Die erfolgreiche Anfechtung einer Kündigung nach § 105 Abs 3 Z 2 ArbVG wegen Sozialwidrigkeit bedarf des Nachweises durch den Arbeitnehmer, dass für ihn durch die Kündigung eine ins Gewicht fallende Beeinträchtigung seiner wirtschaftlichen Lage erfolgt (RIS‑Justiz RS0051746). In die Untersuchung, ob durch die Kündigung wesentliche Interessen des Arbeitnehmers beeinträchtigt werden, ist nicht nur die Möglichkeit der Erlangung eines neuen, einigermaßen gleichwertigen Arbeitsplatzes, sondern vielmehr die gesamte wirtschaftliche und soziale Lage des Arbeitnehmers und seiner Familienangehörigen einzubeziehen (RIS‑Justiz RS0051806; RS0051741; RS0051703). Es sind alle wirtschaftlichen und sozialen Umstände zueinander in Beziehung zu setzen und nach den jeweiligen Umständen des Einzelfalls zu gewichten (RIS‑Justiz RS0110944 [T3]). Ob diese Voraussetzung nachgewiesen werden kann, stellt damit regelmäßig keine erhebliche Rechtsfrage iSd § 502 Abs 1 ZPO dar (RIS‑Justiz RS0051640 [T5]).

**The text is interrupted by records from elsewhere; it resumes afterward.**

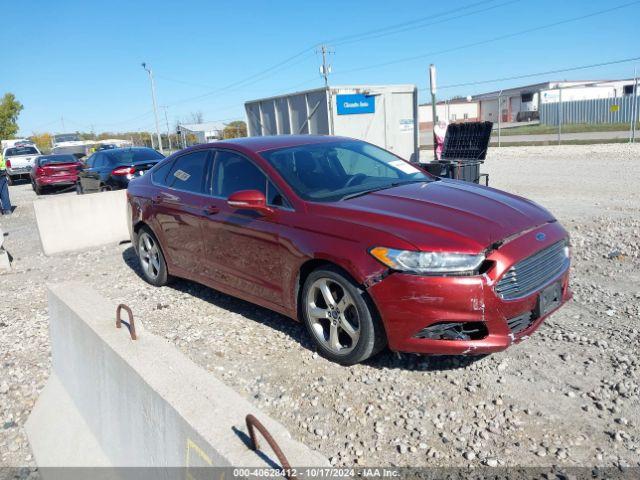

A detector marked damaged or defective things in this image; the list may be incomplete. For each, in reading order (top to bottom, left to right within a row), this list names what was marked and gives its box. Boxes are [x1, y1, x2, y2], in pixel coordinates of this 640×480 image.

cracked headlight [370, 248, 484, 274]
damaged front bumper [368, 223, 572, 354] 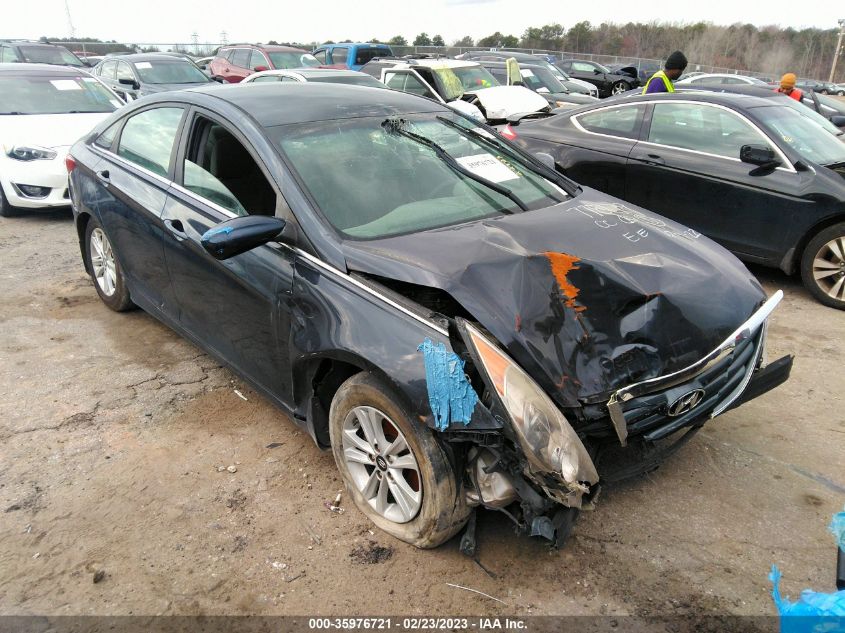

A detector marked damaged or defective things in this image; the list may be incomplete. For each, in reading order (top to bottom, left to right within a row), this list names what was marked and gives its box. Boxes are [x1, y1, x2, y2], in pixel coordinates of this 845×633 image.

damaged headlight [4, 145, 57, 162]
broken headlight lens [5, 145, 57, 162]
black damaged sedan [66, 84, 792, 548]
damaged headlight [458, 320, 596, 494]
broken headlight lens [464, 320, 596, 488]
broken plastic trim [608, 290, 780, 444]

Der Kläger argumentiert in seiner Revision damit, dass ‑ bewusst in Abkehr der ständigen Rechtsprechung ‑ die Beurteilung der Sozialwidrigkeit von der Frage der günstigen Arbeitsprognose zu entkoppeln sei. Damit würden die Arbeitsverhältnisse jüngerer Arbeitnehmer geschützt und der Arbeitgeber wäre in diesen Fällen nicht gänzlich von seiner sozialen Gestaltungspflicht befreit.

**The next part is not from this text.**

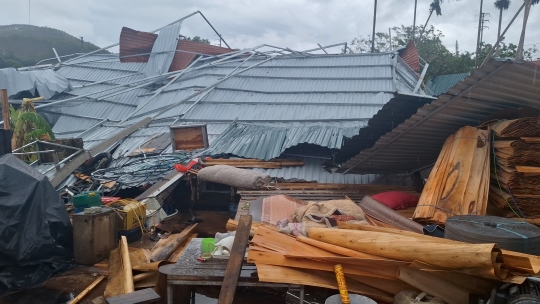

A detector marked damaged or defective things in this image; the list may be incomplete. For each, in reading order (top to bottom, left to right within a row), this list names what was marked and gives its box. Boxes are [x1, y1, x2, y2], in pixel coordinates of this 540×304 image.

torn tarpaulin [0, 156, 73, 290]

Der Kläger missversteht die ständige Rechtsprechung des Obersten Gerichtshofs zur Kündigungsanfechtung wegen Sozialwidrigkeit. Aus dieser folgt keineswegs, dass jüngere Arbeitnehmer nicht geschützt wären bzw der Arbeitgeber gegenüber jüngeren Arbeitnehmern gänzlich von seiner sozialen Gestaltungspflicht befreit wäre. Der gesetzliche Schutz vor sozial ungerechtfertigten Kündigungen dient zum einem dem Zweck, jene Personen ‑ unabhängig von ihrem Alter ‑ wirtschaftlich abzusichern, die zur Bestreitung ihres Lebensunterhalts auf das Erwerbseinkommen aus dieser (oder einer vergleichbaren) Beschäftigung angewiesen sind, und zum anderen, dass daher der Verlust dieser Beschäftigung in jedem Fall eine Beeinträchtigung der Interessen darstellt ( Trost in Strasser/Jabornegg/Resch , ArbVG § 105 Rz 237). Es ist daher davon auszugehen, dass der Gesetzgeber diesen mit jeder Kündigung verbundenen „normalen“ Nachteil durch den Verlust des Arbeitsplatzes nicht für die Erfüllung der Voraussetzungen der wesentlichen Interessenbeeinträchtigung ausreichen lassen wollte (9 ObA 145/99k; 9 ObA 54/12z; uva Trost in Strasser/Jabornegg/Resch , ArbVG § 105 Rz 237; vgl Neumayr/Reissner in ZellKomm² § 105 ArbVG Rz 152). Es müssen vielmehr Umstände vorliegen, die über das normale Maß hinaus eine Kündigung für den Arbeitnehmer nachteilig machen (9 ObA 15/11p; 8 ObA 95/11w; 9 ObA 54/12z uva; RIS‑Justiz RS0051727 [T11]; RS0051746 [T7]). Dass diese Umstände beim Kläger, der nach dem festgestellten Sachverhalt in etwa fünf Monaten ab Beendigung des Arbeitsverhältnisses (vgl RIS‑Justiz RS0051772) einen neuen, einigermaßen gleichwertigen und ihm auch zumutbaren Arbeitsplatz erlangen kann, nicht vorliegen, hat das Berufungsgericht in vertretbarer Weise angenommen.
Mangels einer Rechtsfrage von der Qualität des § 502 Abs 1 ZPO ist die außerordentliche Revision des Klägers zurückzuweisen.